LED Light Fixture Takes First Prize at Aluminum Extrusion Design Competition

Another process that's suited for LED light fixtures is aluminum extrusion. At the ET Foundation's 2010 Aluminum Extrusion Design Competition earlier this year, Eric Eisele, a materials engineering graduate student at Drexel University in Philadelphia, won the Grand Prize for his design of an extruded, hanging LED light fixture. It was only the second time in the history of the competition that the Grand Prize was awarded to a student entry (www.etfoundation.org/dc.html). Judges at the competition reportedly found the design to be "a great example of how aluminum extrusions can gain ground in an emerging market."

Eisele designed the fixture to use 6063-T5 aluminum, a material that he said "offers a good balance between ease of extrusion, machinability, and thermal conductivity."  Thermal conductivity is an important property in LED light fixtures, he explained, because they need to "properly dissipate the heat generated by LEDs to ensure high efficiency and long life."  Eisele also outlined, in his entry, the benefits of using extruded aluminum for his LED lighting application. "Integrated designs can include heatsink fins, slots, optical cavities, mounting rails, [screw] bosses--all necessary for LED fixtures," he noted.

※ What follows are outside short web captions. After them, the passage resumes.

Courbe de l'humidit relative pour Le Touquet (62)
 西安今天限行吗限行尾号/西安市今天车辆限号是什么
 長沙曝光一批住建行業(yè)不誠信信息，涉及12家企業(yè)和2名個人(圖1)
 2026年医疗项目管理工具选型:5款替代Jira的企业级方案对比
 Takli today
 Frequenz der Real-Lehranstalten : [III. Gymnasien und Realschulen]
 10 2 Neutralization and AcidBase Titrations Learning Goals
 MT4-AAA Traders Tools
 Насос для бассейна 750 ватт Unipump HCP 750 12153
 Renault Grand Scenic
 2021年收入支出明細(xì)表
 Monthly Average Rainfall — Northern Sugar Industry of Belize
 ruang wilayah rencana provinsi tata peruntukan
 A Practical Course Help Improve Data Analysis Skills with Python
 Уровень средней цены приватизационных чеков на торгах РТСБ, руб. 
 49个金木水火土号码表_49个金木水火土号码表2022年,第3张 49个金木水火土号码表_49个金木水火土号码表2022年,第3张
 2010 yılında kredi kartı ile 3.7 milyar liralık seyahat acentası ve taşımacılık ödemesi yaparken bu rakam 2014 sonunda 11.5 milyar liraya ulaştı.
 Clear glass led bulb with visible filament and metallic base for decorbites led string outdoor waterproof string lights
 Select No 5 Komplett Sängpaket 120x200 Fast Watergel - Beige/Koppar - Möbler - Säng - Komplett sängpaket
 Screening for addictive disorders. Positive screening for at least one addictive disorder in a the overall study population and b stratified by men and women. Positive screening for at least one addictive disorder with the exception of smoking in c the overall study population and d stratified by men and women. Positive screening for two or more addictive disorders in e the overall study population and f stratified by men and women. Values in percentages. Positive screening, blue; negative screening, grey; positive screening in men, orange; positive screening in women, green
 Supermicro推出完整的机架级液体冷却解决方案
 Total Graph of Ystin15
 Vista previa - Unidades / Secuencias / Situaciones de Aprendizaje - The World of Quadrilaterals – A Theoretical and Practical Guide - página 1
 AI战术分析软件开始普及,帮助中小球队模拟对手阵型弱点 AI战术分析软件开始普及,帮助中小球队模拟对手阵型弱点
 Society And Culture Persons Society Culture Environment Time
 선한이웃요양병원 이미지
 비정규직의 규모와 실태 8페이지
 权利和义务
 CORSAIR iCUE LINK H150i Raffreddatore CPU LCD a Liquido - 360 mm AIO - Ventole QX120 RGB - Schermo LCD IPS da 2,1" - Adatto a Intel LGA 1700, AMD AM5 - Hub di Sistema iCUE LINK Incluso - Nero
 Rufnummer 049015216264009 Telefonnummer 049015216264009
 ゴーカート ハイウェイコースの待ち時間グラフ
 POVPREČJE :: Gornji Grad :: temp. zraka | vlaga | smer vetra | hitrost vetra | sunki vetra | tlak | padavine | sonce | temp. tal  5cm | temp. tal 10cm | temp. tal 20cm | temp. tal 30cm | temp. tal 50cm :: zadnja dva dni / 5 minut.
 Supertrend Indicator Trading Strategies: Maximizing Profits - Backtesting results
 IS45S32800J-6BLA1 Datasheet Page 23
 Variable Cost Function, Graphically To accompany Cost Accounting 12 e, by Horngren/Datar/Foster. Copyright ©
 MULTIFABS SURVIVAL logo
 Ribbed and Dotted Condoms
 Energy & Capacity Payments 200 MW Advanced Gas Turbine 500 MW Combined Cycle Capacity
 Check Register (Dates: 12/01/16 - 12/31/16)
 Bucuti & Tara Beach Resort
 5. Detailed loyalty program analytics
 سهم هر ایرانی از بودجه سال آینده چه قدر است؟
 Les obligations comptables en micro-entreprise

"LED lights in commercial and residential space-lighting applications appear to be on the cusp of revolutionizing the whole lighting industry," commented David Asher, a competition judge and the general manager for Bonnell Aluminum in Kentland, Indiana. "These lights offer the potential of dramatic energy savings for equivalent light output. While they are very energy efficient, they are also very sensitive to heat and will suffer significant reduction in useful life if heat can't be effectively dissipated. The concept of using an extruded fixture with integral heat sink, light placement options, and the potential to utilize different types of light diffusers and reflectors would appear to help with the commercialization of LED lighting."

Another competition judge, Craig Werner, owner of Werner Extrusion Solutions, LLC, in Lake Forest, Illinois, added, "There may be some technical challenges yet to overcome, but utilizing the light weight, strength, ability to extrude complex integral profiles, and heat conductivity of aluminum extrusions for this growth product was a great idea."